A panel of experts in dermatology share their tips and tricks when utilizing topical therapies for pediatric patients with atopic dermatitis.
Melodie Young, NP: Would you say that by the time they see us, the bulk of the patients have already tried topical corticosteroids? Sometimes they don’t get enough, they’re given tiny tubes, a 15-g tube of 2.5% hydrocortisone cream, and you’re thinking, that is not enough. One of the big issues with topical therapies, in particular for your milder and ultra-moderate cases, is that often you can keep them well managed. Not only do we want to prevent flares, but I don’t want them to be scratching, I don’t want them to have broken or damaged skin that increases the risk of infection. I want them to be comfortable, look and feel normal, and not have everybody know what they have. That is another unique thing that we can bring; using topical therapies, there’s an art to it, how and when to do it, and how much you need. There are areas you must avoid, and you mentioned that. Historically, there are some topical therapies we’ve had for maintenance. I always say, there’s the get-you-better drugs and the keep-you-better drugs in the topicals. Do you all have certain things you tend to use topically? Do you make patients go through that before you escalate therapy? Or do you look at them right off the bat and say, “we have to move on.” Matthew, you’re shaking your head, what are your thoughts?
Matthew Brunner, PA: It depends on what they’ve previously tried and the age of the patient. If they haven’t used a topical calcineurin inhibitor before, I like that for the face—in particular around the eyelids—anything that’s steroid sparing, as Lakshi indicated. I like it in those locations, and it’s very effective in those locations. When it comes to topical therapy, I try to use inexpensive therapies that are accessible, and that people don’t mind getting refilled. If those things are failing, that’s when I escalate to some of the newer agents or the agents that are branded.
Melodie Young, NP: What’s the No. 1 thing a child is going to ask you about a topical if you prescribe it? Usually, we’re asked, “Does it burn? Does it stain? Is it messy or sticky?” Alexa, how do you deal with that? Because it is a real issue for some of the older topical nonsteroidals that we’d be using.
Alexa Hetzel, MA, PA-C: I think that happens 90% of the time with the nonsteroidal things we have that are generic. Do I still use them? Absolutely, because we didn’t have many options until recently. Often, by the time they’ve gotten to me they have already tried them, so I consider either prescription moisturizer, which is out there to help with that barrier, and patients do well with that. As well as, like Matthew mentioned, some of the newer JAK inhibitor topicals, which I’ve had no complaints about in terms of stinging and burning. It’s easy to apply and nongreasy. It’s important with the topical JAKs to ensure that patients know it’s for noncontinuous use. Sometimes you can tell people till you’re blue in the face, “This is how you use it, and this is how long you use it,” and they take liberty on their own. You must make sure that it’s noncontinuous use because that’s important for the topical JAKs out there. I think that education piece never leaves us no matter what we’re teaching.
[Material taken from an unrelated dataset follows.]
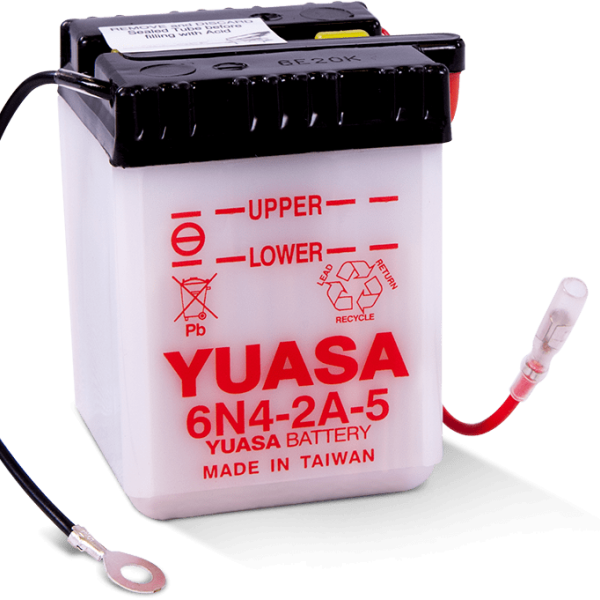 Yuasa Battery YUAM2645A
Melodie Young, NP: How often are you following your patients you prescribed topicals for? Do you wait for the family to schedule the visit, which means it’s always going to be a flare when they need refills, or do you routinely see them every 3, 6 months? For somebody with severe disease, I’m sure we’ll see them more often until we get them on something that starts to clear it up, whether it’s new or systemic agents. How often do you follow your patients?
Alexa Hetzel, MA, PA-C: I usually keep a tighter leash on them, so I can make sure they’re not going and getting oral steroids, I think that’s the worst thing that they can do. They come in and say, “I want oral steroids.” And you’re like, “You’re going to flare worse once it’s there.” Patients forget that steroids have adverse effects too, and the adverse effects are way worse than anything else we can give them. That bone development loss can be huge. It’s important to educate patients and say, “No, no, no.” I usually try to see them in the beginning to see how they are doing, give them a regimen, and check in after a month. If they’re doing well, then I space it out, give them 3 months, and then let the leash go a little longer as needed. If we’re not doing as well, then I see them more frequently until I feel comfortable that they’re comfortable.
Melodie Young, NP: I agree. Regarding these newer medicines we’re learning about, I participated in clinical trials with these new topicals, and it’s fun. But there’s a learning curve for us; how much do they need? How long are they going to use it? If they get clear enough, the goal would be on the ones that have an 8-week limit, that you’re going to be done with it, and at that point, we’ll be able to take a hiatus or break from it. If not, that’s when we say if you’re not well controlled—and I don’t mean just better, I mean well controlled—it’s time to escalate the therapy.